Title:Recent Advances in the Molecular Pathogenesis of Dystonia-Plus Syndromes and Heredodegenerative Dystonias
Volume: 11
Issue: 1
Author(s): Catharina Casper, Eirini Kalliolia and Thomas T. Warner
Affiliation:
Keywords:
Dystonia- plus syndrome, Secondary dystonia, Molecular pathogenesis, Neurodegeneration, Mitochondria
Abstract: The majority of studies investigating the molecular pathogenesis and cell biology underlying dystonia have
been performed in individuals with primary dystonia. This includes monogenic forms such as DYT1and DYT6 dystonia,
and primary focal dystonia which is likely to be multifactorial in origin.

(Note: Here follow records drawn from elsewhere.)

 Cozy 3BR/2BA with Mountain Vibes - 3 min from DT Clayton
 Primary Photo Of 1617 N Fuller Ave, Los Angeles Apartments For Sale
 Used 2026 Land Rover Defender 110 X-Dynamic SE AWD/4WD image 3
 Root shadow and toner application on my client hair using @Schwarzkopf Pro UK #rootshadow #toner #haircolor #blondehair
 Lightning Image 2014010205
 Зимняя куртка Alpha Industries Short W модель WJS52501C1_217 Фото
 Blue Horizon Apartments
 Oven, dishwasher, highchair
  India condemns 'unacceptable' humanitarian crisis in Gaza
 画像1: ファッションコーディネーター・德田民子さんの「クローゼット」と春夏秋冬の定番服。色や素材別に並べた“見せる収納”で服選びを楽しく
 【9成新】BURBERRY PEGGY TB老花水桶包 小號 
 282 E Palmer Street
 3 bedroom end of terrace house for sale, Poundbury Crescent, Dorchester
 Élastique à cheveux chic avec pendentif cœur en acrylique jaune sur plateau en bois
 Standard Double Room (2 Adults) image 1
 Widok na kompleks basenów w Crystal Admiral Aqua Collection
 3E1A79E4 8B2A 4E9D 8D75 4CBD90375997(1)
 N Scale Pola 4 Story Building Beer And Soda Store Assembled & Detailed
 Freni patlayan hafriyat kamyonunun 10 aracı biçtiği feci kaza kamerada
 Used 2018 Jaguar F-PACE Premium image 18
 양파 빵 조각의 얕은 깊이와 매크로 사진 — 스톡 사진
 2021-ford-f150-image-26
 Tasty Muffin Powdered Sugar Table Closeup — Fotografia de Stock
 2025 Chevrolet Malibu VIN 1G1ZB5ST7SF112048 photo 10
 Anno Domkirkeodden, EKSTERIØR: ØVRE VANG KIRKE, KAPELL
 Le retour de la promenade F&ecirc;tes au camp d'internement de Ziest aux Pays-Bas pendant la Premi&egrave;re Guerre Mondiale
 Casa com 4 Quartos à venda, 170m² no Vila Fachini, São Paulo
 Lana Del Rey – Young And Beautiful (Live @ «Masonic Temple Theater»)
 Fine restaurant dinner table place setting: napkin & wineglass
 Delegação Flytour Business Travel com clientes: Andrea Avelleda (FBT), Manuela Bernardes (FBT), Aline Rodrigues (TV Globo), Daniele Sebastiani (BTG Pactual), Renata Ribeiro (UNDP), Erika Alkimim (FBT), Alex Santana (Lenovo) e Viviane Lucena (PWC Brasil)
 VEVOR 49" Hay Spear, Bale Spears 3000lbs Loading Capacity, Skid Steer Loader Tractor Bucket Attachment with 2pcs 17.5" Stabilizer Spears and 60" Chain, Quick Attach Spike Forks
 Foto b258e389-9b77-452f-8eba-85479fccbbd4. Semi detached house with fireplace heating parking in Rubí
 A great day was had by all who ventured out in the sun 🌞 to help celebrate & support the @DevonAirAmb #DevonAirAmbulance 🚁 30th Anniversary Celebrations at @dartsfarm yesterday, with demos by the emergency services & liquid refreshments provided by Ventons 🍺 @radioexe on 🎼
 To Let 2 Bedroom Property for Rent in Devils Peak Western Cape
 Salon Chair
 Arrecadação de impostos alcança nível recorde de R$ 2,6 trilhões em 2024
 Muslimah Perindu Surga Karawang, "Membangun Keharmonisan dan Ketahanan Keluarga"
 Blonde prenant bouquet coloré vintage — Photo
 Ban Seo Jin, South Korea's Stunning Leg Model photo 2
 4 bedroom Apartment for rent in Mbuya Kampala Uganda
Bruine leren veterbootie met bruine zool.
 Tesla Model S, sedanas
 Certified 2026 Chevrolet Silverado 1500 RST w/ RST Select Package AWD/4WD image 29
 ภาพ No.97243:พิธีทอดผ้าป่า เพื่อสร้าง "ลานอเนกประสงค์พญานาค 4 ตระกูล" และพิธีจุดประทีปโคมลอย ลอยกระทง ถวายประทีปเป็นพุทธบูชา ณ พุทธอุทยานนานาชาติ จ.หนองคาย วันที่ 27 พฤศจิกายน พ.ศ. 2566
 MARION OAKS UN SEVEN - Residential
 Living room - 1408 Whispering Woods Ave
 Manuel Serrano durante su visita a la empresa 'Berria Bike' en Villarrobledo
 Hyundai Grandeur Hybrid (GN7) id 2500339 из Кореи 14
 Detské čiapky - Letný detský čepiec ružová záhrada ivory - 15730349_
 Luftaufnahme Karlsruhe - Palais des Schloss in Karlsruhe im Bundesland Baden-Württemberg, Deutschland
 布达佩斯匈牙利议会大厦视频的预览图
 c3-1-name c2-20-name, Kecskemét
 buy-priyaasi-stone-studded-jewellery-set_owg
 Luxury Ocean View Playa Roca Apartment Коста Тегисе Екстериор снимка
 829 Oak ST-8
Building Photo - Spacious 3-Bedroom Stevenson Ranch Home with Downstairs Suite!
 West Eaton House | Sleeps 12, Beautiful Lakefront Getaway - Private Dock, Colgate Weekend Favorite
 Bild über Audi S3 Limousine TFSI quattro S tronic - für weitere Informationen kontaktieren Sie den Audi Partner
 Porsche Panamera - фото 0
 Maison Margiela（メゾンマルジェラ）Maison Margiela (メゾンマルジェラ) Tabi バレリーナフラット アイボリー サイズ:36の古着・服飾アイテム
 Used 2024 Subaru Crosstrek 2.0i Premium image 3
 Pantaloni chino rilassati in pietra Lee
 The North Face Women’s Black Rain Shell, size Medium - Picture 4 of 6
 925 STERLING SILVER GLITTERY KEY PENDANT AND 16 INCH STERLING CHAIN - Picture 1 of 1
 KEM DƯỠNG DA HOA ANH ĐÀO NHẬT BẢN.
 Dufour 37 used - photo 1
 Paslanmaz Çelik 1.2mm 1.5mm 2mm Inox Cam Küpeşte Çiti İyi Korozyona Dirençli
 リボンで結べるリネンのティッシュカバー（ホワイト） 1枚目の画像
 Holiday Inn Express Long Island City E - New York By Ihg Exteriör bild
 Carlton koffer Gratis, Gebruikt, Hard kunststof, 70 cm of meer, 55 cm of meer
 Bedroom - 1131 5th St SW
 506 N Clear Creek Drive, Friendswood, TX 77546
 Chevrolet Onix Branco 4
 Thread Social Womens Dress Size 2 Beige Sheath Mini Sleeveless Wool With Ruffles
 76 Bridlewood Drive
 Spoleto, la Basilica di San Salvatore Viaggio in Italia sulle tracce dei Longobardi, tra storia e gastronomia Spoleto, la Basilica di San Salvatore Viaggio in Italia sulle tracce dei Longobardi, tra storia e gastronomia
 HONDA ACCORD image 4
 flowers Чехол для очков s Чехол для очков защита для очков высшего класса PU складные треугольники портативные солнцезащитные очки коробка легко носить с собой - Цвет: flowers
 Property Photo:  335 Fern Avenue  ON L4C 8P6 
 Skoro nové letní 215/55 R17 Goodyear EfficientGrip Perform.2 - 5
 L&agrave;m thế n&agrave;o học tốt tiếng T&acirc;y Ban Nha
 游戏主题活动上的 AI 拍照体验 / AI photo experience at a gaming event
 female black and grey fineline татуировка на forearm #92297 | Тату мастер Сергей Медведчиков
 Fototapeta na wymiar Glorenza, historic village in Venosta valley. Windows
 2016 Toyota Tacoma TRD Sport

In recent years there has been renewed interest in
non-primary forms of dystonia including the dystonia-plus syndromes and heredodegenerative disorders. These are caused
by a variety of genetic mutations and their study has contributed to our understanding of the neuronal dysfunction that
leads to dystonia These findings have reinforced themes identified from study of primary dystonia including abnormal
dopaminergic signalling, cellular trafficking and mitochondrial function. In this review we highlight recent advances in
the understanding of the dystonia-plus syndromes and heredodegenerative dystonias.